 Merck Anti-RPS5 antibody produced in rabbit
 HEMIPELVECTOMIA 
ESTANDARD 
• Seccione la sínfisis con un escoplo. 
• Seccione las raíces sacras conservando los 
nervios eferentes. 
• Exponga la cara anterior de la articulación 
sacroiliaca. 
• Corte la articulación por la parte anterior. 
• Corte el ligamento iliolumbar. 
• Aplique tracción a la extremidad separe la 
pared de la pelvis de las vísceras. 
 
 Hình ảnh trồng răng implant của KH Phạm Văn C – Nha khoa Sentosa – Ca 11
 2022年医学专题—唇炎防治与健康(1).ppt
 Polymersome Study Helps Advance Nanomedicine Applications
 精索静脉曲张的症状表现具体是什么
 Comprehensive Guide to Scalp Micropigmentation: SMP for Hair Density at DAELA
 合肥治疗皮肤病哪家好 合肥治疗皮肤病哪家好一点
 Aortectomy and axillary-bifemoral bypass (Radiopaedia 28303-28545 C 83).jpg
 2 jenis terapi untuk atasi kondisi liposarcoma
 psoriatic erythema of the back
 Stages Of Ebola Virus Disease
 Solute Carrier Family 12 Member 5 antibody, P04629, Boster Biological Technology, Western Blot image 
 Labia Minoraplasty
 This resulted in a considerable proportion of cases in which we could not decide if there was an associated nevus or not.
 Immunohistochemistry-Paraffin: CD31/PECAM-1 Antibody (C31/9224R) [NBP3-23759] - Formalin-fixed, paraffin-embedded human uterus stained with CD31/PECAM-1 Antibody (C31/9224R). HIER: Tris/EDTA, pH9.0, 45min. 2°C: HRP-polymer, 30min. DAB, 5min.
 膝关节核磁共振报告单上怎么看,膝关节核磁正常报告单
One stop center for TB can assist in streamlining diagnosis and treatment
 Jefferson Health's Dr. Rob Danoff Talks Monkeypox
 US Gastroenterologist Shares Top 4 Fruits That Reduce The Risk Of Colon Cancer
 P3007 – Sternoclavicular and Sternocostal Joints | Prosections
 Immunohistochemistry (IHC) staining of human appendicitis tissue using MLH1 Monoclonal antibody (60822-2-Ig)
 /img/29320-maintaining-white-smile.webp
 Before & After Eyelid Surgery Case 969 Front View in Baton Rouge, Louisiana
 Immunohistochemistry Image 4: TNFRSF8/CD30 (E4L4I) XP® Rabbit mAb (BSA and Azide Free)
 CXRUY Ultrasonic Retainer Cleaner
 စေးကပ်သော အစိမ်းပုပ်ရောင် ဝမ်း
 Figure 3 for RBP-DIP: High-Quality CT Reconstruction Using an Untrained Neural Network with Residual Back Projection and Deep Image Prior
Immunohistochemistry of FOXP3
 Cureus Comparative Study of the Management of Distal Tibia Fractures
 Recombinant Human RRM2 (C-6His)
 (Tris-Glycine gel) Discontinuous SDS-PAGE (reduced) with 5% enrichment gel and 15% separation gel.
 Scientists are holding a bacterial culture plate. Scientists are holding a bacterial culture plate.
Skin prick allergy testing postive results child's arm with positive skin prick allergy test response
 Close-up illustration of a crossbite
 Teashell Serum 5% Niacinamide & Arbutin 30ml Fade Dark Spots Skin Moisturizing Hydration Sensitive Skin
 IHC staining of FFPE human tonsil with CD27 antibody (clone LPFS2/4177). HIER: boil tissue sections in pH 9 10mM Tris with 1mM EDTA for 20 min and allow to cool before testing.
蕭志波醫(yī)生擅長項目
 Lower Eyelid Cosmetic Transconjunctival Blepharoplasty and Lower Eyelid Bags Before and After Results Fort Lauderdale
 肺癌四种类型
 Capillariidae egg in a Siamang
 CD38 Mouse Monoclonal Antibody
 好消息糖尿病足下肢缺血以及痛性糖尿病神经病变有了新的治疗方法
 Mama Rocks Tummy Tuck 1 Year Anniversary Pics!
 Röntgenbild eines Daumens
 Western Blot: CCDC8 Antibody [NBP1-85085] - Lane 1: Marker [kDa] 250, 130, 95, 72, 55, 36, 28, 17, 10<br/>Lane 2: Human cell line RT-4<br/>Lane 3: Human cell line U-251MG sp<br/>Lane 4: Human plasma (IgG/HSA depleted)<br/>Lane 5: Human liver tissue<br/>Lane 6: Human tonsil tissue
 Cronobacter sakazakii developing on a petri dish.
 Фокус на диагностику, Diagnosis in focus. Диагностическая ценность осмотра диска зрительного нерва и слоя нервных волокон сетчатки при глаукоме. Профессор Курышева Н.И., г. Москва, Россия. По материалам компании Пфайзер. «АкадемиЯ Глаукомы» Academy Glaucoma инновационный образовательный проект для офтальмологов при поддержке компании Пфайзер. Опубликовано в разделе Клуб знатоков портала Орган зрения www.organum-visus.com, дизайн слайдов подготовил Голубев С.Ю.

Exercise directions » Of all the entries above, retype exactly the lines from the line with "el ligamento iliolumbar." to the line with "(Tris-Glycine gel) Discontinuous", both included, and no others.

The completed task »
• Corte el ligamento iliolumbar. 
• Aplique tracción a la extremidad separe la 
pared de la pelvis de las vísceras. 
 
 Hình ảnh trồng răng implant của KH Phạm Văn C – Nha khoa Sentosa – Ca 11
 2022年医学专题—唇炎防治与健康(1).ppt
 Polymersome Study Helps Advance Nanomedicine Applications
 精索静脉曲张的症状表现具体是什么
 Comprehensive Guide to Scalp Micropigmentation: SMP for Hair Density at DAELA
 合肥治疗皮肤病哪家好 合肥治疗皮肤病哪家好一点
 Aortectomy and axillary-bifemoral bypass (Radiopaedia 28303-28545 C 83).jpg
 2 jenis terapi untuk atasi kondisi liposarcoma
 psoriatic erythema of the back
 Stages Of Ebola Virus Disease
 Solute Carrier Family 12 Member 5 antibody, P04629, Boster Biological Technology, Western Blot image 
 Labia Minoraplasty
 This resulted in a considerable proportion of cases in which we could not decide if there was an associated nevus or not.
 Immunohistochemistry-Paraffin: CD31/PECAM-1 Antibody (C31/9224R) [NBP3-23759] - Formalin-fixed, paraffin-embedded human uterus stained with CD31/PECAM-1 Antibody (C31/9224R). HIER: Tris/EDTA, pH9.0, 45min. 2°C: HRP-polymer, 30min. DAB, 5min.
 膝关节核磁共振报告单上怎么看,膝关节核磁正常报告单
One stop center for TB can assist in streamlining diagnosis and treatment
 Jefferson Health's Dr. Rob Danoff Talks Monkeypox
 US Gastroenterologist Shares Top 4 Fruits That Reduce The Risk Of Colon Cancer
 P3007 – Sternoclavicular and Sternocostal Joints | Prosections
 Immunohistochemistry (IHC) staining of human appendicitis tissue using MLH1 Monoclonal antibody (60822-2-Ig)
 /img/29320-maintaining-white-smile.webp
 Before & After Eyelid Surgery Case 969 Front View in Baton Rouge, Louisiana
 Immunohistochemistry Image 4: TNFRSF8/CD30 (E4L4I) XP® Rabbit mAb (BSA and Azide Free)
 CXRUY Ultrasonic Retainer Cleaner
 စေးကပ်သော အစိမ်းပုပ်ရောင် ဝမ်း
 Figure 3 for RBP-DIP: High-Quality CT Reconstruction Using an Untrained Neural Network with Residual Back Projection and Deep Image Prior
Immunohistochemistry of FOXP3
 Cureus Comparative Study of the Management of Distal Tibia Fractures
 Recombinant Human RRM2 (C-6His)
 (Tris-Glycine gel) Discontinuous SDS-PAGE (reduced) with 5% enrichment gel and 15% separation gel.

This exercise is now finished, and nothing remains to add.